1 2 Previous Next 15 Replies Latest reply on Aug 29, 2006 3:54 PM by brian.stansberry

    Does clustering require traffic over 1098 as well as 11800?

    annecotter

      I apologize if this is a basic question, but I cannot find a clear answer in any of the documentation. I have JGroups configured to use TCP. I notice that when a new member joins the cluster, there seems to be traffic generated from port 1098, as well as the expected JGroups traffic on 11800. Is there an RMI call made when a new member joins the cluster? I'm suspecting this is how the new member registers itself with the existing member's HA partition?

      Any info would be much appreciated, thank you in advance.

      regards,
      Anne

        • 1. Re: Does clustering require traffic over 1098 as well as 118
          marcreis

          Hi, I dont know if you have seen it already, but it comes in handy:

          http://wiki.jboss.org/wiki/Wiki.jsp?page=UsingJBossBehindAFirewall.

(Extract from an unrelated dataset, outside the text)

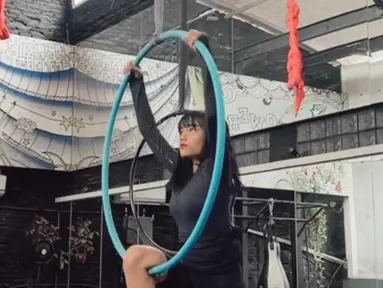 Fuji membagikan satu momen saat sedang menjalani olahraga aerial hoop. Bahkan, perempuan kelahiran 2002 ini memperlihatkan fleksibilitas hingga kekuatan tubuh yang dimiliki dengan melakukan aerial hoop.(Liputan6.com/IG/@fuji_an)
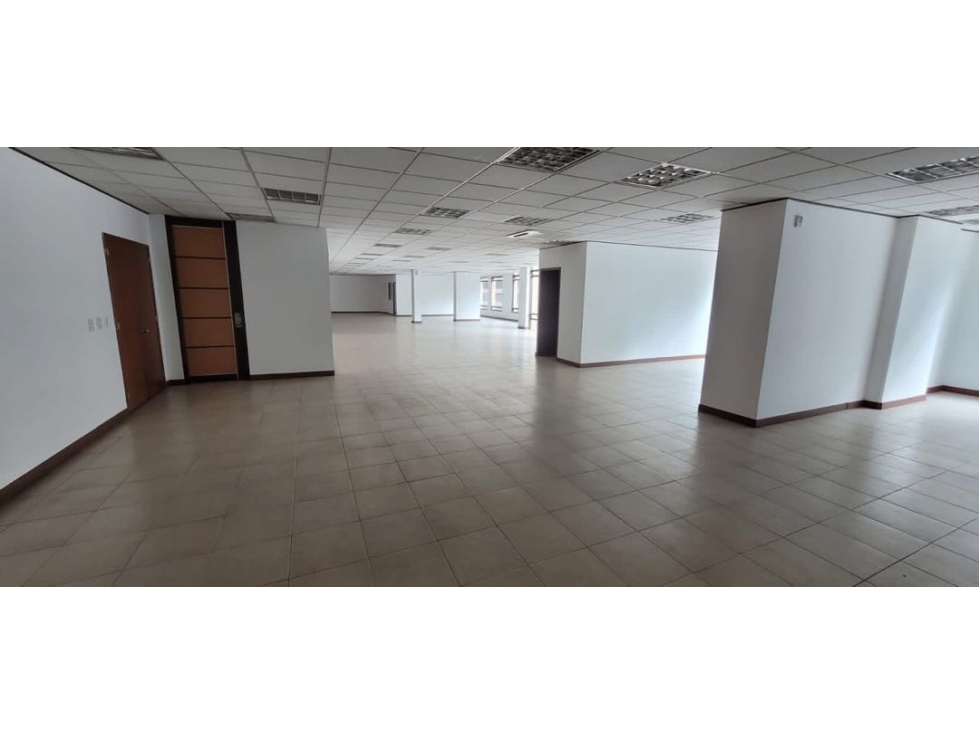 ARRIENDO/VENDO OFICINA CHICO — foto 2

          The mentioned port belongs to the naming service, defined in the /conf/jboss-service.xml

          ....
          <!-- The port of the RMI naming service, 0 == anonymous -->
          <attribute name="RmiPort">1098</attribute>
          ...
          

          Sincerly
          Marc

          • 2. Re: Does clustering require traffic over 1098 as well as 118
            annecotter

            Hi Marc, thank you I have seen that document. I wonder if I haven't phrased my question well, but what I'm trying to find out is when a new member joins a cluster, does it make an RMI call to the existing member? So do the members of a cluster use RMI for any communication with each other?

            thanks
            Anne

            • 3. Re: Does clustering require traffic over 1098 as well as 118
              brian.stansberry

              The cluster code itself doesn't, but perhaps some component you've deployed does?

              • 4. Re: Does clustering require traffic over 1098 as well as 118

                The naming service is what uses port 1098. This port is used even if you start the "default" server (i.e., no cluster) so it's not associated with cluster communications.

                • 5. Re: Does clustering require traffic over 1098 as well as 118
                  annecotter


                  Thanks for the answer Brian.

                  I have two machines with multiple interfaces. Clustering traffic is configured to go over bge2, and all other traffic (JNDI/RMI/JMS) is over bge1. If the two machines don't have IP connectivity over bge1 I get the following messages when a new member joins the cluster:

                  2006.07.21 12:51:20 WARN [org.jgroups.protocols.pbcast.NAKACK] [dino2:11800 (additional data: 17 bytes)] discarded message from non-member 10.10.10.10:11800

                  When the two machines can see each other over bge1 (as well as bge2), clustering works fine. In this case when a new member joins the cluster, I see traffic over 1098 at the beginning of the join. This is why I was suspecting RMI calls between the servers. Am I missing any obvious reasons why the first case doesn't work? What causes my second machine (10.10.10.10) to go from being a non-member, to being considered a member so that the first machine won't discard it's messages?

                  Thanks
                  Anne

                  • 6. Re: Does clustering require traffic over 1098 as well as 118
                    brian.stansberry

                    Can you post your JGroups protocol stack config? (IIRC you're using TCP).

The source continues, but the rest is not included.